# WHAT THE TASK ASKS
The expected answer is the set of lines in the data below between the line holding "Marc Fisher Women's" and the line holding "Bathroom Vanity with", inclusive, written out exactly.

(EXCERPTED RECORDS)

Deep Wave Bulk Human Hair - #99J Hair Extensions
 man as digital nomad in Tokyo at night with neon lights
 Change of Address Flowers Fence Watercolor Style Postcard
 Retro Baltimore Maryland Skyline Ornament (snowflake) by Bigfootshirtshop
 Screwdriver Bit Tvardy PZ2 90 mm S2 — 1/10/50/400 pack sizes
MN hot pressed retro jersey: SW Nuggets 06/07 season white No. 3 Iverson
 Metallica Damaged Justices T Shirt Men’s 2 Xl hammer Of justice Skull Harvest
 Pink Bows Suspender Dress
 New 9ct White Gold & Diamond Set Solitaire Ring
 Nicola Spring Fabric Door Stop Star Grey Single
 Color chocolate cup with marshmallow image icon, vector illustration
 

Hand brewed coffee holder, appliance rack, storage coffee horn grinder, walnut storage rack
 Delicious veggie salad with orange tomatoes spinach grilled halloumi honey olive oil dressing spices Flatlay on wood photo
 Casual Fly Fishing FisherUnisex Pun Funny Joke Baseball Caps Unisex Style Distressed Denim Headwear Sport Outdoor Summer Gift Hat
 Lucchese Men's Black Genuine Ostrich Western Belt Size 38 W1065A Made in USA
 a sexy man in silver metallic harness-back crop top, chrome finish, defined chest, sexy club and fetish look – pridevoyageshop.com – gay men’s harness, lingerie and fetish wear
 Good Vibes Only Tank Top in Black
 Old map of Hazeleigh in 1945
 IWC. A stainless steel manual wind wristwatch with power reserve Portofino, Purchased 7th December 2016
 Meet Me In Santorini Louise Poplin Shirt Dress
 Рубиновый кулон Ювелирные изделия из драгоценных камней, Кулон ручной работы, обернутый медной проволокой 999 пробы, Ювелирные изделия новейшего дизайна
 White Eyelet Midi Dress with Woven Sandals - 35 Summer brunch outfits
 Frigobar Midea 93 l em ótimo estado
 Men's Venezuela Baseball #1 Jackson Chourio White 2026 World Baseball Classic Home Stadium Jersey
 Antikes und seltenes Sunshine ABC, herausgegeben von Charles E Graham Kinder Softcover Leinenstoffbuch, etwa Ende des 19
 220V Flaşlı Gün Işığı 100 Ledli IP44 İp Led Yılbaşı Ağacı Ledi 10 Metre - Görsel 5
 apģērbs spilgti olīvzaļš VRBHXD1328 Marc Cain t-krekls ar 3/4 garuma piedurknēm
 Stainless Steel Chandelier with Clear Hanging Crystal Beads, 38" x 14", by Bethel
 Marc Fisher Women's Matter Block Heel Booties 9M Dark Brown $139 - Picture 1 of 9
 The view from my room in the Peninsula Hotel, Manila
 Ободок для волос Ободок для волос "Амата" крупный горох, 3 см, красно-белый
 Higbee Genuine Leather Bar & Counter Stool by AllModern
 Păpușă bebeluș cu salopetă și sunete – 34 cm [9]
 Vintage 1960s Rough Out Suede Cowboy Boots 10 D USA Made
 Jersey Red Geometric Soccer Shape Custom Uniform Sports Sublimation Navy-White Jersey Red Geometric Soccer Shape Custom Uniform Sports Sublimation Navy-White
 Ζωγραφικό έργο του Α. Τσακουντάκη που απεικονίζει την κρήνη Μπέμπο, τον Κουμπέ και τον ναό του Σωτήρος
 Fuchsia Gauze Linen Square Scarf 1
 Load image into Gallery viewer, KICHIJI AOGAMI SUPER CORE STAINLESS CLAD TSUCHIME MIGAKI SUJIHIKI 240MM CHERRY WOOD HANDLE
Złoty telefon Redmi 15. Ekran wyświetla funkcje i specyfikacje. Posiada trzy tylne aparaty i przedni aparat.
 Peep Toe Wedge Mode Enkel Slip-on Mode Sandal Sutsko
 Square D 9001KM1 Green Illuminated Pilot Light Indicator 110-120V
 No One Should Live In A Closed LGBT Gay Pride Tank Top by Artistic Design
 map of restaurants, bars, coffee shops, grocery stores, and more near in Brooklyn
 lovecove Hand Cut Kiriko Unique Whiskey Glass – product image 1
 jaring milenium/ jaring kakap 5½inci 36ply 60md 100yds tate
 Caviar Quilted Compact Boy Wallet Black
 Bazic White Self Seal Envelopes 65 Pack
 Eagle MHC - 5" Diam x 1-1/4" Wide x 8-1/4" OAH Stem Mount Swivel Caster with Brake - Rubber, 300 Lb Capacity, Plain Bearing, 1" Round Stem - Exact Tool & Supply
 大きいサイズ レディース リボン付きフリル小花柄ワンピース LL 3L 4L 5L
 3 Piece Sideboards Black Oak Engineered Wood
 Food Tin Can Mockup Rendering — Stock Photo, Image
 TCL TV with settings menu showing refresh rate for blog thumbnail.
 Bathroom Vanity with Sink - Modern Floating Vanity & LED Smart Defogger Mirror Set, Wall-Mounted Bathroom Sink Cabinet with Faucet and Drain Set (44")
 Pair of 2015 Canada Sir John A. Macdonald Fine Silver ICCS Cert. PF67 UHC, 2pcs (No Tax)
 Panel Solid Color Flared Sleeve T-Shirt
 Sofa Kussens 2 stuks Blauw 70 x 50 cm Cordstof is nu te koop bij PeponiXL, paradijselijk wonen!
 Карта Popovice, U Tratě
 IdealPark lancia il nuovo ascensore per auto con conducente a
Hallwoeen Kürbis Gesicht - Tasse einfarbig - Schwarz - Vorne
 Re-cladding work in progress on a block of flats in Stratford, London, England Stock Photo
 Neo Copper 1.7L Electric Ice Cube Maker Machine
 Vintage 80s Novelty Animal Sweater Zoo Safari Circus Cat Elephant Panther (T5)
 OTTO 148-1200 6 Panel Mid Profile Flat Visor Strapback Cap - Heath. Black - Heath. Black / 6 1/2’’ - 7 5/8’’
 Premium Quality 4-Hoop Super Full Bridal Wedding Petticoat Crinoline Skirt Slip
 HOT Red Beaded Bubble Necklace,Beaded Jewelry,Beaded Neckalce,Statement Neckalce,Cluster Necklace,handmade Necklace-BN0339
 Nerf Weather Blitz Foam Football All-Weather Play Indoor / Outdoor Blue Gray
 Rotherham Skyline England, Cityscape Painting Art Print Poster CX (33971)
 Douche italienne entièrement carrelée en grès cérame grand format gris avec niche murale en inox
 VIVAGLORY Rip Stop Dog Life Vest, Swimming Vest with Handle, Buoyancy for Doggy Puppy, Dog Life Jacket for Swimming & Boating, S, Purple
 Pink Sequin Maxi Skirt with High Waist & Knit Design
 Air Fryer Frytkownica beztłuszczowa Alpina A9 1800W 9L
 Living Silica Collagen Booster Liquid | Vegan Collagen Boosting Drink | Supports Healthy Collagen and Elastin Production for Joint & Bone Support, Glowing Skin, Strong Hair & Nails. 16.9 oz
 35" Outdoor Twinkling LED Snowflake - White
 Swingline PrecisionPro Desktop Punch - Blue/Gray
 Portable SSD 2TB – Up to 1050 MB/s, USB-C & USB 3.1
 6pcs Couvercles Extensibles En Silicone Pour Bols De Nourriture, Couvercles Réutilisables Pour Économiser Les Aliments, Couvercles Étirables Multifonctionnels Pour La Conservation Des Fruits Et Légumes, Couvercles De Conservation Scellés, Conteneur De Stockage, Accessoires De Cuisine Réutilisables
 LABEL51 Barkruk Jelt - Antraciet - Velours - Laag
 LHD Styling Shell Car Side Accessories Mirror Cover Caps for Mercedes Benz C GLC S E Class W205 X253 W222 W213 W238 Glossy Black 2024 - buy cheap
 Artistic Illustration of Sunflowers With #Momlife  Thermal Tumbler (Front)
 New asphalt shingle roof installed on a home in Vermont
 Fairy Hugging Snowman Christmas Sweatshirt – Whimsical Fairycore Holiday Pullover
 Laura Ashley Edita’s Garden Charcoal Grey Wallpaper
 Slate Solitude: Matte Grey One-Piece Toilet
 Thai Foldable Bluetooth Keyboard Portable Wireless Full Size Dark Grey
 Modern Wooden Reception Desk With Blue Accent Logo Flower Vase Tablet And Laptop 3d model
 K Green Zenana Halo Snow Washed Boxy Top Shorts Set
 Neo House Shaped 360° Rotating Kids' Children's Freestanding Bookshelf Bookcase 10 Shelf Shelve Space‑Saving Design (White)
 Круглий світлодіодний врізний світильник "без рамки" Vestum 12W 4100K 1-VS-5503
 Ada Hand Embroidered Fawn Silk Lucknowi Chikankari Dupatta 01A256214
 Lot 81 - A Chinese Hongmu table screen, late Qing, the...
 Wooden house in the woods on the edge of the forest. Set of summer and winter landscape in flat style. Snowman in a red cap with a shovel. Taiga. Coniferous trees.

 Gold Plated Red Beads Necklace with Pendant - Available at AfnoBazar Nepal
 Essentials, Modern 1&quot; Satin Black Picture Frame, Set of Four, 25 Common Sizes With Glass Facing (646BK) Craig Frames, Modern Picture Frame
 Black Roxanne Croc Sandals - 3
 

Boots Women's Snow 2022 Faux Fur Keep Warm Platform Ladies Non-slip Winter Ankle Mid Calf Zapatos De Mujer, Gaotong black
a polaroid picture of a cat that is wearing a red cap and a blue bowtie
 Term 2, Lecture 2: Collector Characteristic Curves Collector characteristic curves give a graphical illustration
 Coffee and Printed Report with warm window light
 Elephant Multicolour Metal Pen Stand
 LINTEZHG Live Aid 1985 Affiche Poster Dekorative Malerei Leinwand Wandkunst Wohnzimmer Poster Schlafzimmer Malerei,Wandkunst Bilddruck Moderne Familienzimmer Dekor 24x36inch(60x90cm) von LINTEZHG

(End EXCERPTED RECORDS)

# SOLUTION FOR THIS PROBLEM
 Marc Fisher Women's Matter Block Heel Booties 9M Dark Brown $139 - Picture 1 of 9
 The view from my room in the Peninsula Hotel, Manila
 Ободок для волос Ободок для волос "Амата" крупный горох, 3 см, красно-белый
 Higbee Genuine Leather Bar & Counter Stool by AllModern
 Păpușă bebeluș cu salopetă și sunete – 34 cm [9]
 Vintage 1960s Rough Out Suede Cowboy Boots 10 D USA Made
 Jersey Red Geometric Soccer Shape Custom Uniform Sports Sublimation Navy-White Jersey Red Geometric Soccer Shape Custom Uniform Sports Sublimation Navy-White
 Ζωγραφικό έργο του Α. Τσακουντάκη που απεικονίζει την κρήνη Μπέμπο, τον Κουμπέ και τον ναό του Σωτήρος
 Fuchsia Gauze Linen Square Scarf 1
 Load image into Gallery viewer, KICHIJI AOGAMI SUPER CORE STAINLESS CLAD TSUCHIME MIGAKI SUJIHIKI 240MM CHERRY WOOD HANDLE
Złoty telefon Redmi 15. Ekran wyświetla funkcje i specyfikacje. Posiada trzy tylne aparaty i przedni aparat.
 Peep Toe Wedge Mode Enkel Slip-on Mode Sandal Sutsko
 Square D 9001KM1 Green Illuminated Pilot Light Indicator 110-120V
 No One Should Live In A Closed LGBT Gay Pride Tank Top by Artistic Design
 map of restaurants, bars, coffee shops, grocery stores, and more near in Brooklyn
 lovecove Hand Cut Kiriko Unique Whiskey Glass – product image 1
 jaring milenium/ jaring kakap 5½inci 36ply 60md 100yds tate
 Caviar Quilted Compact Boy Wallet Black
 Bazic White Self Seal Envelopes 65 Pack
 Eagle MHC - 5" Diam x 1-1/4" Wide x 8-1/4" OAH Stem Mount Swivel Caster with Brake - Rubber, 300 Lb Capacity, Plain Bearing, 1" Round Stem - Exact Tool & Supply
 大きいサイズ レディース リボン付きフリル小花柄ワンピース LL 3L 4L 5L
 3 Piece Sideboards Black Oak Engineered Wood
 Food Tin Can Mockup Rendering — Stock Photo, Image
 TCL TV with settings menu showing refresh rate for blog thumbnail.
 Bathroom Vanity with Sink - Modern Floating Vanity & LED Smart Defogger Mirror Set, Wall-Mounted Bathroom Sink Cabinet with Faucet and Drain Set (44")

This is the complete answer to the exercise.